▸ **Work to be completed**
Would you copy exactly the lines in the data below from the one that has "Ceske Budejovice 7" through the one that has "Interior auvergnat —", dropping any pictures?

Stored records
┄┄┄┄┄┄┄┄┄┄┄┄┄┄┄┄┄┄┄┄

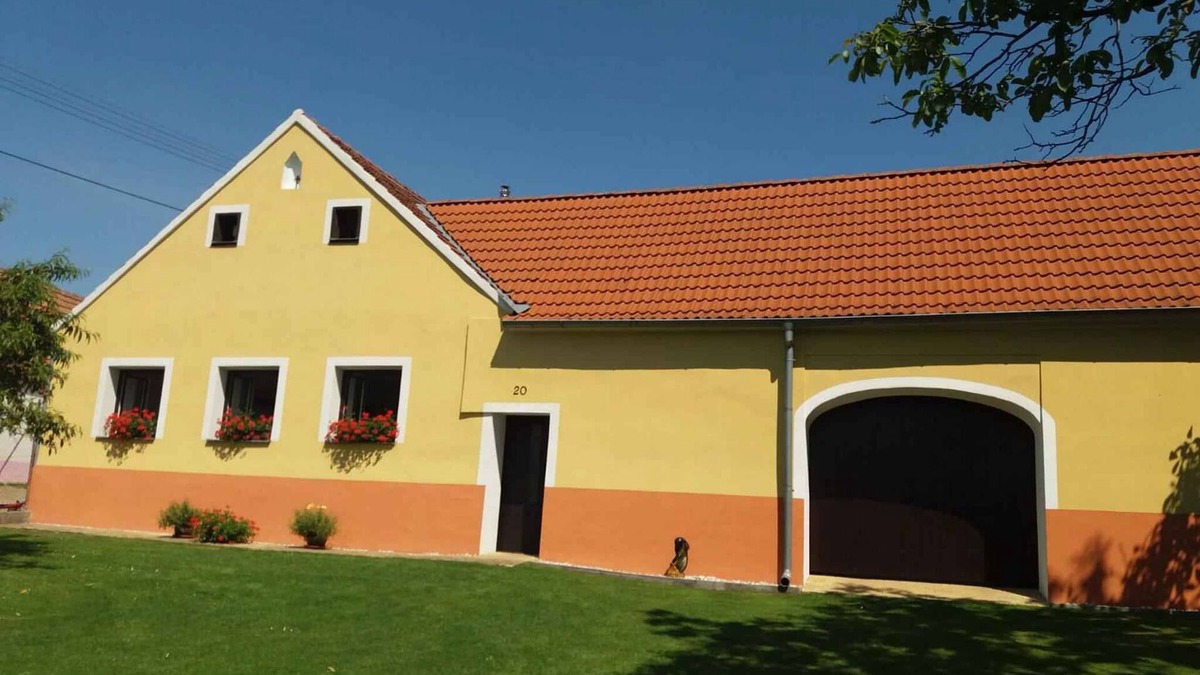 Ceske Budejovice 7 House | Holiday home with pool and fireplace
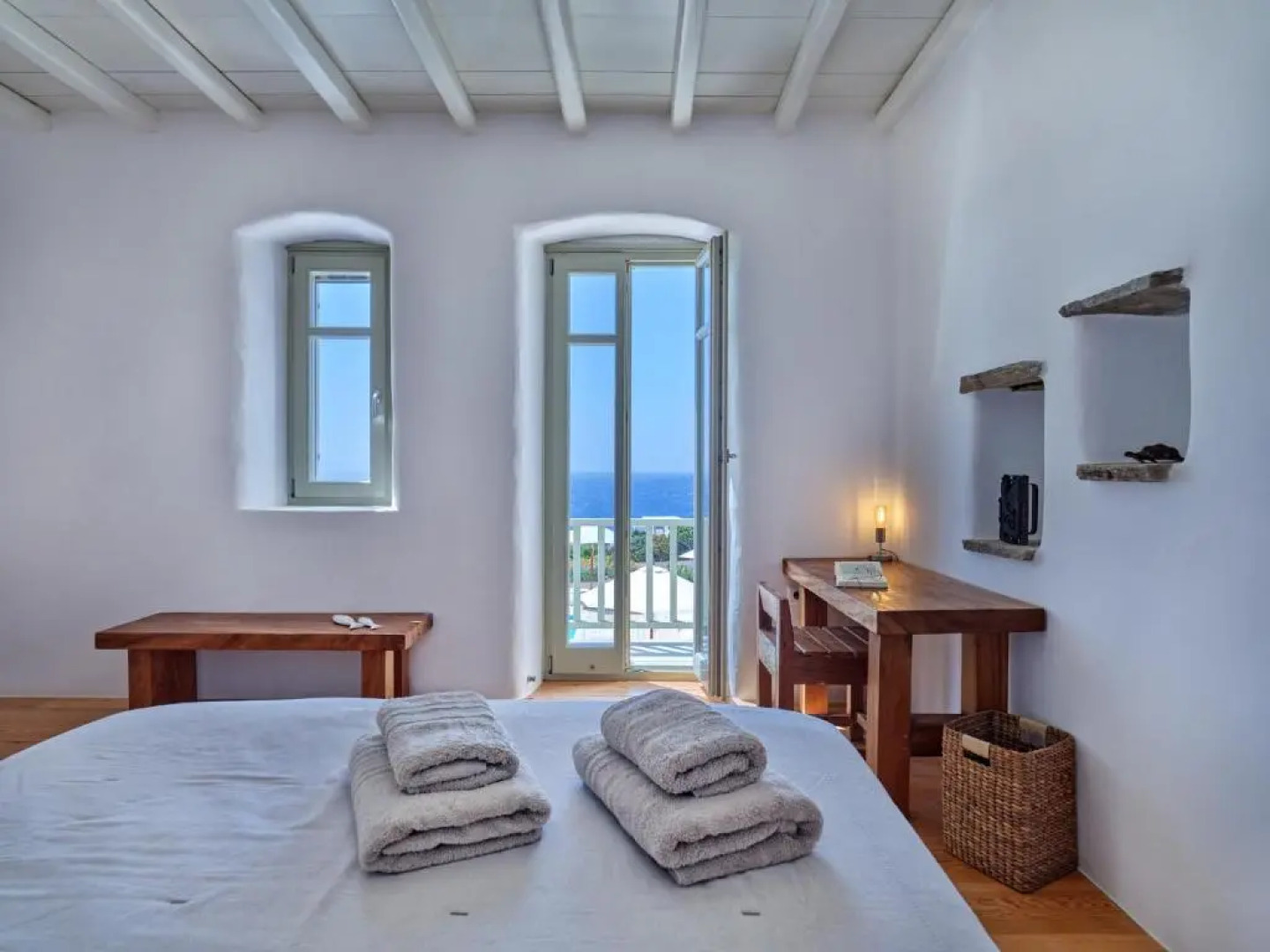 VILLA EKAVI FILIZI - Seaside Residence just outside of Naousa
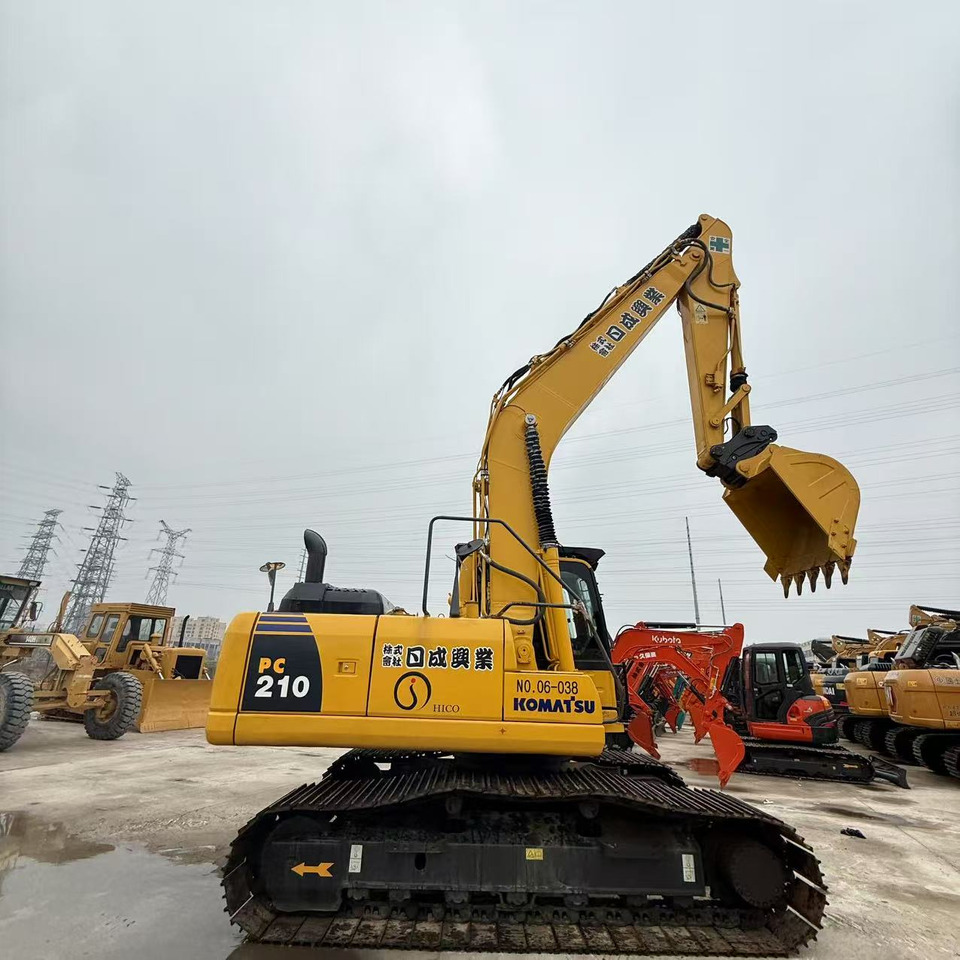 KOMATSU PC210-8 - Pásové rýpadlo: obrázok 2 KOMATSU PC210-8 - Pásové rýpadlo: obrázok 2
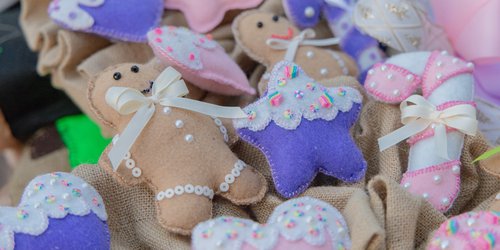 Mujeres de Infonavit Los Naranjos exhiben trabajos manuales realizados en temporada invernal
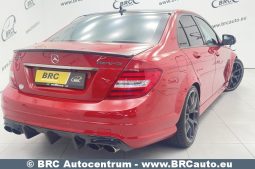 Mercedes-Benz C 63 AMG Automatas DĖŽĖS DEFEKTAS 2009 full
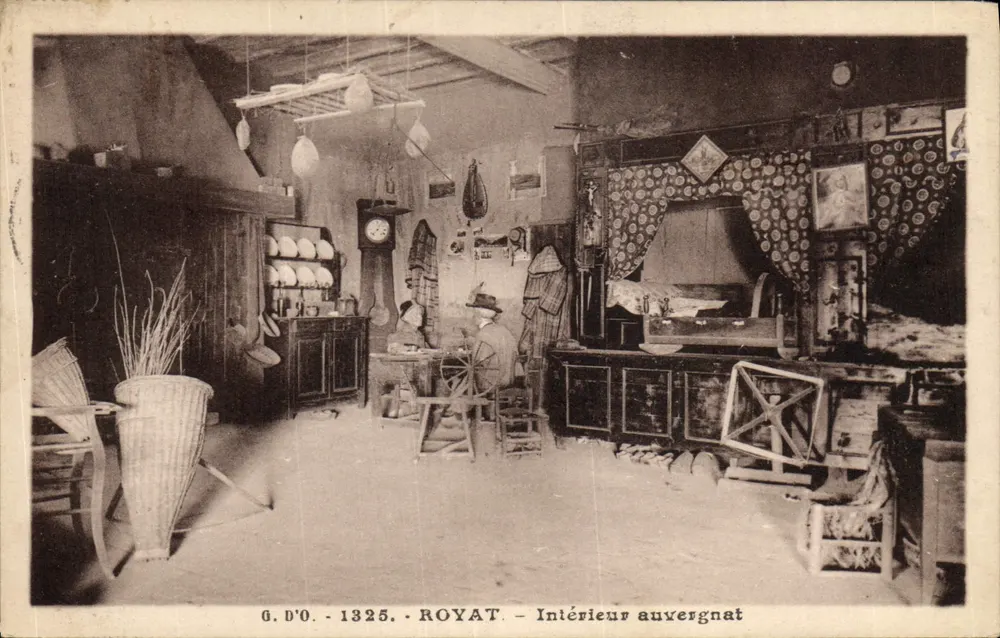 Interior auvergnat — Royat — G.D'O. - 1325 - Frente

┄┄┄┄┄┄┄┄┄┄┄┄┄┄┄┄┄┄┄┄

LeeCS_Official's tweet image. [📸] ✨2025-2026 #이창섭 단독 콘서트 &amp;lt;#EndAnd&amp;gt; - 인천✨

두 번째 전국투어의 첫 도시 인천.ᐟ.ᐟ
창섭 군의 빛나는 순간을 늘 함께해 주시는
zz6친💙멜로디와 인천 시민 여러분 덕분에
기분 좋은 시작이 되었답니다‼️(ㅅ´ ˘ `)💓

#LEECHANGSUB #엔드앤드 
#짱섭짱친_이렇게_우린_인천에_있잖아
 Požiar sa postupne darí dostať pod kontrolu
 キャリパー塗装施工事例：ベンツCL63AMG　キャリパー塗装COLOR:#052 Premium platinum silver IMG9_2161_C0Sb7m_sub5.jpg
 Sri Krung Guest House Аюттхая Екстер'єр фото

┄┄┄┄┄┄┄┄┄┄┄┄┄┄┄┄┄┄┄┄

▸ **Solution to the exercise**
 Ceske Budejovice 7 House | Holiday home with pool and fireplace
 VILLA EKAVI FILIZI - Seaside Residence just outside of Naousa
 KOMATSU PC210-8 - Pásové rýpadlo: obrázok 2 KOMATSU PC210-8 - Pásové rýpadlo: obrázok 2
 Mujeres de Infonavit Los Naranjos exhiben trabajos manuales realizados en temporada invernal
 Mercedes-Benz C 63 AMG Automatas DĖŽĖS DEFEKTAS 2009 full
 Interior auvergnat — Royat — G.D'O. - 1325 - Frente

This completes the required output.